As the G20 finance ministers and the IMF meet this week, the report shows how financial corporations like Blackrock, HSBC and Goldman Sachs have become huge players in the world of sovereign debt, with multi-trillion dollar asset manager Blackrock alone holding close to US$1 billion of bond debt in Ghana, Kenya, Nigeria, Senegal and Zambia. Blackrock’s assets are worth 2.5 times more than the GDP of the entire African continent.

Nearly one-third of lower income country debt is owed to private creditors, but the proportion varies across countries, with 69% of all 2020 debt payments due in Zambia owed to private creditors and 59% in Ghana. In total, $13 billion in debt service payments from these countries to private creditors are due between the start of May and the end of 2020.

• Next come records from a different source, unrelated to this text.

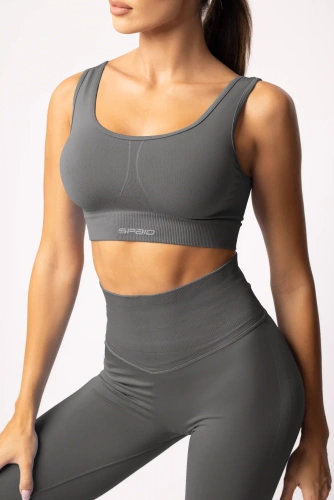 SPAIO Flex 2.0 bezšvová grafitová športová podprsenka - stabilná podpora a pohodlie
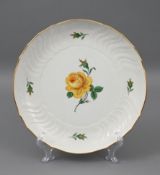 Kuchenschale Meissen, Gelbe Rose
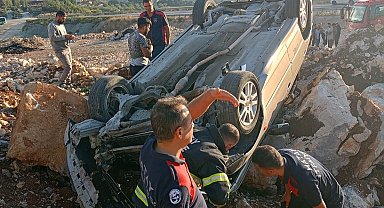 Takla atan aracın sürücüsü yaralandı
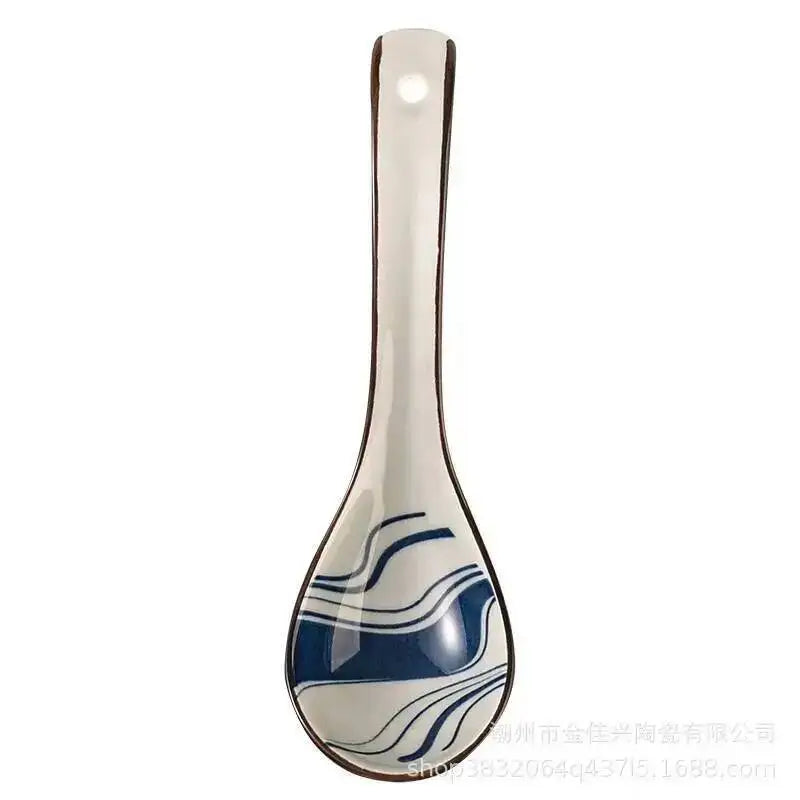 Japanese Blue And White Ceramic Spoon Extended Length For Drinking Soup Kitchen Cooking Utensil Oasis Select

While some debt relief has been agreed by G20 countries, this does not encompass debts owed to these private companies, even though their debts tend to carry higher interest rates. Countries like Zambia have already requested relief from private creditors, but their proposal has been turned down, highlighting the enormous power of private creditors in the debt system. Perversely, this means debt relief agreed by rich countries is being diverted into the pockets of some of the richest investors in the world.

Issued by Global Justice Now, CAFOD, Christian Aid, Jubilee Debt Campaign and Oxfam, the report calls for urgent reform of the debt system, which the groups label opaque, complex and heavily weighted in favour of big financial corporations. They are calling for private sector creditors to be compelled to write down developing country debts, and for a new international mechanism that would allow for fair, speedy and comprehensive debt restructurings.

Nick Dearden of Global Justice Now said:

“It is nothing short of obscene for the richest banks in the world to continue collecting debts from the poorest countries in the world, in the middle of one of the worst economic and health crises in living memory. While countries across Africa, Asia and Latin America urgently need to scale up spending which supports public healthcare and the livelihoods of their citizens, they are instead forced to fill the coffers of multi-trillion dollar investment funds.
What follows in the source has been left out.